The meeting is over, and you are sitting at your desk, staring at a handout you received from a co-worker or supervisor.
The question that confronts you is, “should I save this?”
Why do we need to digitize Paper documents?
Perhaps you’ll need it for other meetings or assignments. Perhaps you’ll remember it at some future point and wonder what became of it.
Perhaps you’re wasting too much time worrying about what to do with it, and it should be dumped in the trash immediately.
At the back of your mind is the problematic old business proverb: “Only handle a piece of paper once.”
The importance of those questions recedes in importance if you have a dependable, easily accessible, reliably indexed method of digitizing your paper documents.
You don’t have to worry about keeping any piece of paper that you’ve stored in the cloud or on your hard drive and that you know you can retrieve in a moment.
The question is, how do you get to the point of automatically knowing how to deal with documents and being able to digitize, index, and retrieve them effortlessly.
Here we will take a look at the simplest ways to digitize those annoying pieces of paper that keep trying to clutter up your desk.
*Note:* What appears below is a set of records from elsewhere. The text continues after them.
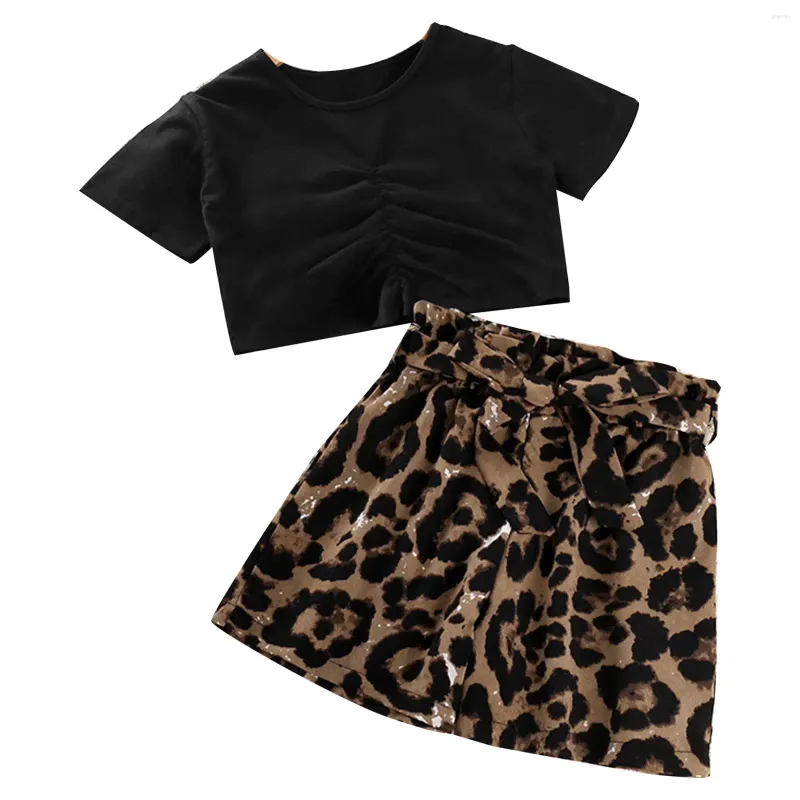 Kleidungsstücke Kinder Mädchen Leoparden Kleidungs
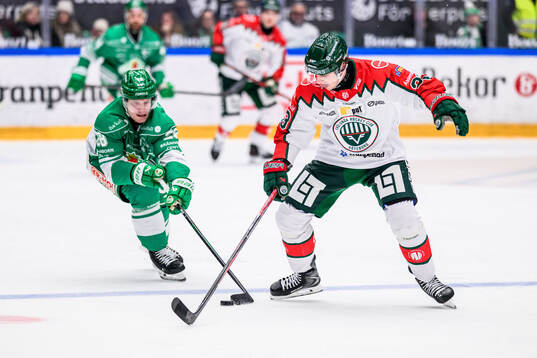 Rögles Anton Bengtsson och Frölundas Linus Högberg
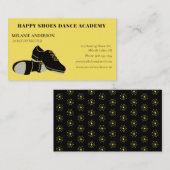 タップダンスレッスンインストラクター金ゴールドブラック 名刺 (正面/裏面)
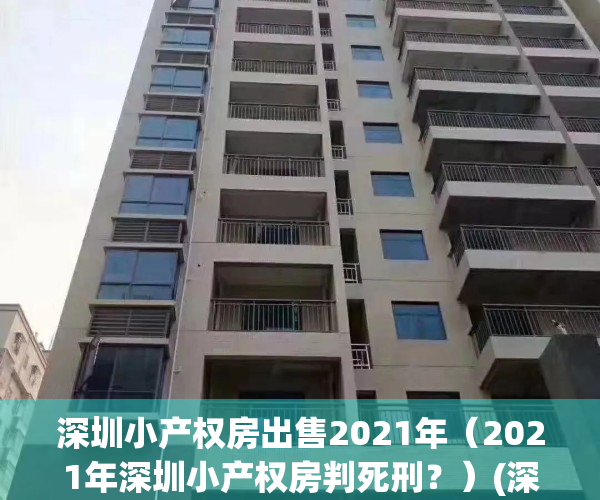 深圳小产权房出售2021年（2021年深圳小产权房判死刑？）(深圳小产权房现在基本卖多少钱一平)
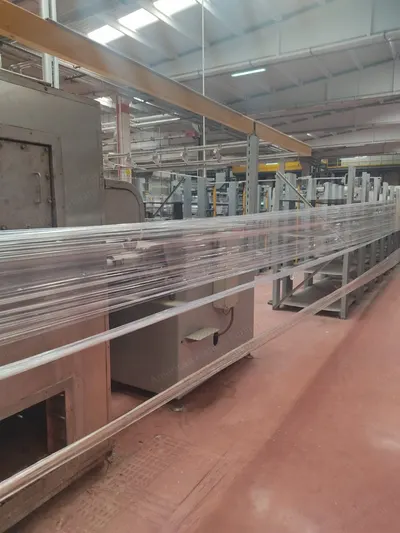 Powerheadset, GVA2500, 2003/2004, Creel for 48 Bobbins, Gilbos TD8S-3 Winder, 48 Spindles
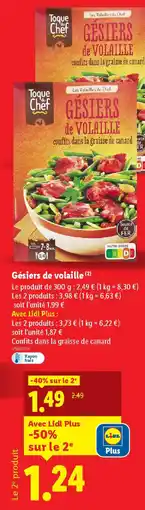 Lidl Gésiers de volaille offre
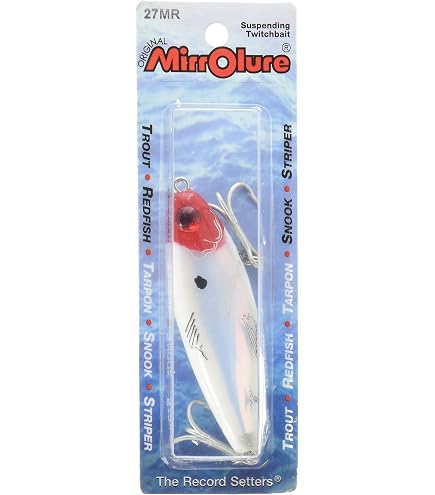 Amazon.com : MirrOLure L&S Bait MirrOlure Classic 52M Series 3-5/8 - Red Head/White Back & Belly : Fishing Diving Lures : Sports & Outdoors Amazon.com : MirrOLure L&S Bait MirrOlure Classic 52M Series 3-5/8 - Red Head/White Back & Belly : Fishing Diving Lures : Sports & Outdoors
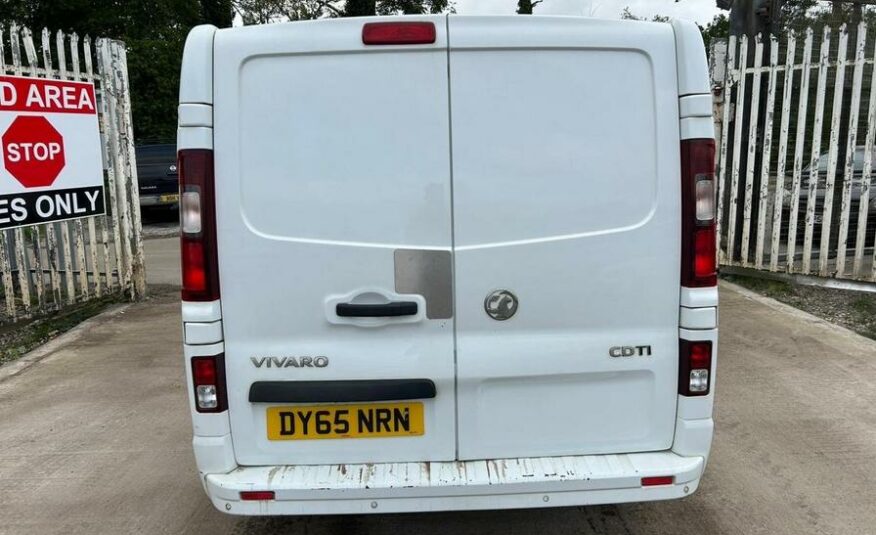 2015 Vauxhall Vivaro Vivaro  2900 Sportive CDTi – DY65NRN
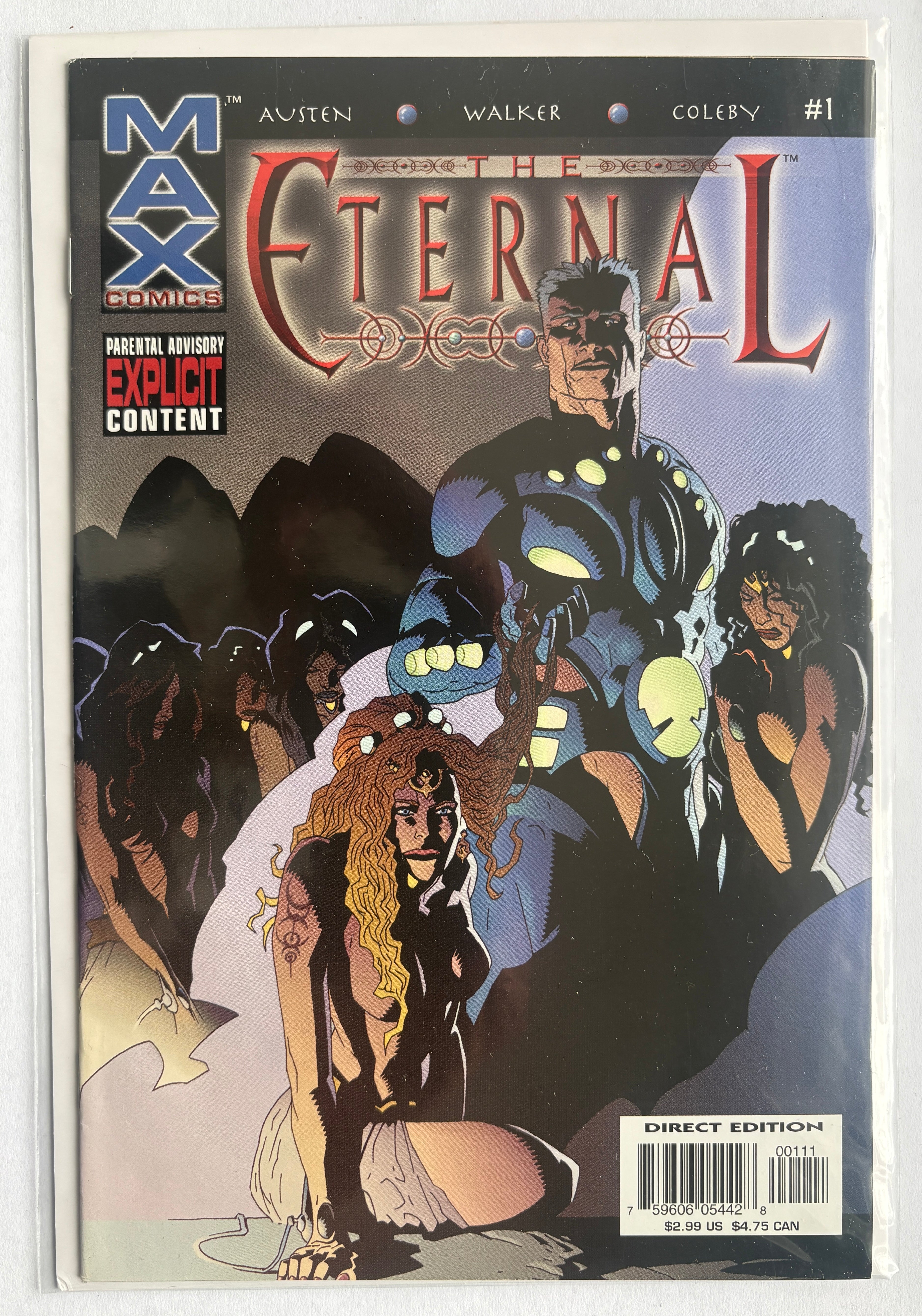 The Eternal #1 - 1st Printing Max Comics (Marvel) August 2003 VF 8.0
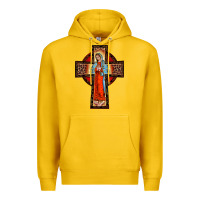 Lemon lady of guadalupe leopard cross Premium Hoodie - BarkalooDesign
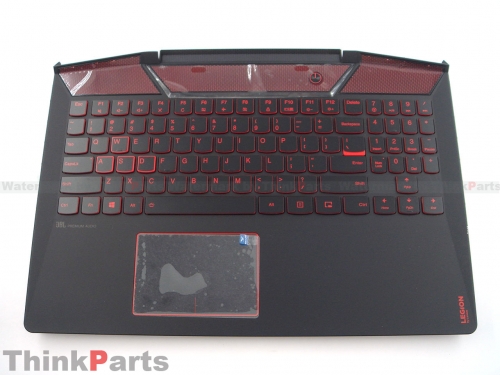 New/Original Lenovo Legion Y720-15IKB 15.6" Palmrest US RED backlit Keyboard Bezel 5CB0N67243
In the process, we’ll view some guidelines for digitizing.
Some Principles About Digitizing Paper Documents
When we are creating documents, we don’t have to worry about whether or not to digitize them. It has become an automatic part of the process. Before we send our report along to others or print a copy, we have to save it.
The questions we do have arise from the paper copies of data, forms, flyers, brochures, and documents others present to us.
Here are some principles to keep in mind about digitizing paper documents.
- Decide how you are going to index or catalog the documents you keep. Will you use the names, subjects, or dates as references to help you find the document again?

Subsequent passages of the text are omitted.